To prosecute and imprison political leaders and corporate executives would require a parsing of legal boundaries and a recalibration of criminal accountability.

At many moments in history, humanity’s propensity for wanton destruction has demanded legal and moral restraint. One of those times, seared into modern consciousness, came at the close of World War II, when Soviet and Allied forces liberated the Nazi concentration camps at Auschwitz and Dachau. Photographs and newsreels shocked the conscience of the world. Never had so many witnessed evidence of a crime so heinous, and so without precedent, that a new word—genocide—was needed to describe it, and in short order, a new framework of international justice was erected to outlaw it.

Another crime of similar magnitude is now at large in the world. It is not as conspicuous and repugnant as a death camp, but its power of mass destruction, if left unchecked, would strike the lives of hundreds of millions of people. A movement to outlaw it, too, is gaining momentum.
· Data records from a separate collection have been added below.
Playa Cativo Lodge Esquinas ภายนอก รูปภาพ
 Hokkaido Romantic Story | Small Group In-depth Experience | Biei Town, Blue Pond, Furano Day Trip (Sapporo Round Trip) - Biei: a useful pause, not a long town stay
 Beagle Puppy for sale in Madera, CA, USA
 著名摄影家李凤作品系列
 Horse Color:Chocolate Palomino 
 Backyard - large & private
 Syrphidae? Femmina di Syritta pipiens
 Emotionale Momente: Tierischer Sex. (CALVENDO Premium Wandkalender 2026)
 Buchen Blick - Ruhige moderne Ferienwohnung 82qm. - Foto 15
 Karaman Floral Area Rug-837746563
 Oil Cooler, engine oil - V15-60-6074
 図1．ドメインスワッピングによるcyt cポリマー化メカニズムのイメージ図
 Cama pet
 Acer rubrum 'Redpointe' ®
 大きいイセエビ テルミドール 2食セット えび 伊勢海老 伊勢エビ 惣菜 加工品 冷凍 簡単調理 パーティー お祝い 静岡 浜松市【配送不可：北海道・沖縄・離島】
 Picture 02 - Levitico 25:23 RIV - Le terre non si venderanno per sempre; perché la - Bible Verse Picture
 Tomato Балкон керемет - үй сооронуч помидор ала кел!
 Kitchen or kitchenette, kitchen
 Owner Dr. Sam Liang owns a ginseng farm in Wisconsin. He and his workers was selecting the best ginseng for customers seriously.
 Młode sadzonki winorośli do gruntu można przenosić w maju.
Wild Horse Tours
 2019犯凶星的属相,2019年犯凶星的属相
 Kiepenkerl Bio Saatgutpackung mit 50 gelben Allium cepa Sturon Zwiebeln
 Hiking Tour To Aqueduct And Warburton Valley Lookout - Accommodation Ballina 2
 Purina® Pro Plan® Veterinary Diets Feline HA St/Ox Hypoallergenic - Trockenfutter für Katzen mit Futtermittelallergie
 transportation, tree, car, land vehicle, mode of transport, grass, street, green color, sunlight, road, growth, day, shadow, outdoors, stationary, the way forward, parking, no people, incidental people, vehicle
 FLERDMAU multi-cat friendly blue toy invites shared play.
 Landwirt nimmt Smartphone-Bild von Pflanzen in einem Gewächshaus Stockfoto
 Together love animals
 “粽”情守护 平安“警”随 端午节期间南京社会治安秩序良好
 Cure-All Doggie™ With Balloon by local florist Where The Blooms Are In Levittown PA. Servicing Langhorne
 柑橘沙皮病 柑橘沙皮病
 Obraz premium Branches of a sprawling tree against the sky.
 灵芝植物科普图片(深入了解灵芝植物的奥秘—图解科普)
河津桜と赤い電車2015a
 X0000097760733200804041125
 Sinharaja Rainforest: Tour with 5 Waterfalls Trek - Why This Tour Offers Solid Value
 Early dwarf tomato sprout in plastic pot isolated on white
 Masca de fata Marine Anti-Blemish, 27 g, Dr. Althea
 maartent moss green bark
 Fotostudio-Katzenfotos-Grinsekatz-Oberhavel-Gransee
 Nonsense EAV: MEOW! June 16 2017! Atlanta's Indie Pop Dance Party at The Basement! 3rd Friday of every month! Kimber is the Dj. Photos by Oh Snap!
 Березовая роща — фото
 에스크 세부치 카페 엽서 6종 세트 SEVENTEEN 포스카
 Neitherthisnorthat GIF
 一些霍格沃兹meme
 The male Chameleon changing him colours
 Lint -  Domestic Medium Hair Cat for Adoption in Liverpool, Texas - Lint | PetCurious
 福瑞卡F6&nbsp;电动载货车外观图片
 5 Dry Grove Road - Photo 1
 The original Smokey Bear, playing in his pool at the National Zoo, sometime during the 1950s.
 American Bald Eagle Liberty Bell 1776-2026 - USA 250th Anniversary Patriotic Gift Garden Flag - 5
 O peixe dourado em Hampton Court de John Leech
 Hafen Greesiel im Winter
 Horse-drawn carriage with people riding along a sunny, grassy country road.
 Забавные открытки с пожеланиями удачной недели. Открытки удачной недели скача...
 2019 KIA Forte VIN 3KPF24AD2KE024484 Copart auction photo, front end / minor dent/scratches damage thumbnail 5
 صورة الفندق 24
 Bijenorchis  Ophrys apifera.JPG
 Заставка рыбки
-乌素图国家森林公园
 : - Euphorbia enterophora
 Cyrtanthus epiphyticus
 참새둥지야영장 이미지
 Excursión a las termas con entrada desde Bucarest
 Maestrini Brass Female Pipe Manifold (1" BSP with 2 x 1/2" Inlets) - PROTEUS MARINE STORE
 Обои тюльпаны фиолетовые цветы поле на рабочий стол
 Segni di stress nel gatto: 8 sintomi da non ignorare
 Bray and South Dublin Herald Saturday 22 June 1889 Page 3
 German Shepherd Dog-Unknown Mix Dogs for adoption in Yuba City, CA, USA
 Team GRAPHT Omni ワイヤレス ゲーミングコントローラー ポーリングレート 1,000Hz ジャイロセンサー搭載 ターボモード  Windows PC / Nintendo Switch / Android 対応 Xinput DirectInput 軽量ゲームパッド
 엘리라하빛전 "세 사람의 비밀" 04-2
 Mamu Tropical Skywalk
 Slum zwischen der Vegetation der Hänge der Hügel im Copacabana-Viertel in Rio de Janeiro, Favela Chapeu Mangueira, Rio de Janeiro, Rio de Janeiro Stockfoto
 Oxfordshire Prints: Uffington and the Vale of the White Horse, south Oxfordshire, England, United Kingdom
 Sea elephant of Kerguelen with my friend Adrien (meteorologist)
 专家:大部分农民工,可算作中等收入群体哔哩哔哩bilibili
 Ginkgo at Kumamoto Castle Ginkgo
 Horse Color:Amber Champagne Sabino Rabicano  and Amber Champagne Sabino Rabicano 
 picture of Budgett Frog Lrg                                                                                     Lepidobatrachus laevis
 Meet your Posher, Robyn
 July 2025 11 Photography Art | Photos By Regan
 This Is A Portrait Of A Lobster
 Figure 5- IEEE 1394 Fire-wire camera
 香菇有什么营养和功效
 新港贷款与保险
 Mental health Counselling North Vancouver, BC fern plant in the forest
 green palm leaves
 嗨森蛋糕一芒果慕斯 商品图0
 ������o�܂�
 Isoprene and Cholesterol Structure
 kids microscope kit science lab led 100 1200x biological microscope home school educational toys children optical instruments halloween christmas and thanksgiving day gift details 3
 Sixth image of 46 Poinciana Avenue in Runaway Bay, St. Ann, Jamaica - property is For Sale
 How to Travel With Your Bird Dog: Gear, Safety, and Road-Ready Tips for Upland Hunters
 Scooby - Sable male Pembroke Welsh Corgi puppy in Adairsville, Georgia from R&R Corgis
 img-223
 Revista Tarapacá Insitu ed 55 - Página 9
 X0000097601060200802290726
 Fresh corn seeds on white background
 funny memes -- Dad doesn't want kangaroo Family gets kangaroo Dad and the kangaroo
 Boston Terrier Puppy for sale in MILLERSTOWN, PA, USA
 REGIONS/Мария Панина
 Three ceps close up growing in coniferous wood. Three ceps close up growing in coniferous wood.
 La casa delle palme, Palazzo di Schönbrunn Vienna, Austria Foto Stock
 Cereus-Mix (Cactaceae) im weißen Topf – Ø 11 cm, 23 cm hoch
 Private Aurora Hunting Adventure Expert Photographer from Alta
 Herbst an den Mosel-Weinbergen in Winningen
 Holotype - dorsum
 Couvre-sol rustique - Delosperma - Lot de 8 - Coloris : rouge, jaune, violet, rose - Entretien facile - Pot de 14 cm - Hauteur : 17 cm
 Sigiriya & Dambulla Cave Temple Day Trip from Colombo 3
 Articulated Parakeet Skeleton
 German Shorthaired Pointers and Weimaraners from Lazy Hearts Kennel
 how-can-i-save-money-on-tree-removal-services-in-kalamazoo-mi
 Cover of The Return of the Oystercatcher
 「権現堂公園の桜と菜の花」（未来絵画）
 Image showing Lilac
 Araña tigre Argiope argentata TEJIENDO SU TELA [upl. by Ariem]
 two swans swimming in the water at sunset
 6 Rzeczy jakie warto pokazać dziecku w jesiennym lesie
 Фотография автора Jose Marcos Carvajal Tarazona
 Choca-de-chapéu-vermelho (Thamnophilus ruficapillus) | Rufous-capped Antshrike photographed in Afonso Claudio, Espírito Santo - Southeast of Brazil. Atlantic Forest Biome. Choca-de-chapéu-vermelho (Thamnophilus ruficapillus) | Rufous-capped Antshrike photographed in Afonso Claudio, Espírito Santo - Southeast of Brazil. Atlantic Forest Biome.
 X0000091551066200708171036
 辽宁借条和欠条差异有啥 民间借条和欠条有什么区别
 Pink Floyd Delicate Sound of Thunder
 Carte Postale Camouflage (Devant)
That crime is called ecocide.

Pope Francis, shepherd of 1.2 billion Catholics, has been among the most outspoken, calling out the wrongdoing with the full force of his office. He has advocated for the prosecution of corporations for ecocide, defining it as the damage or destruction of natural resources, flora and fauna or ecosystems. He has also suggested enumerating it as a sin in the Catechism of the Catholic Church, a reference text for teaching the doctrine of the faith.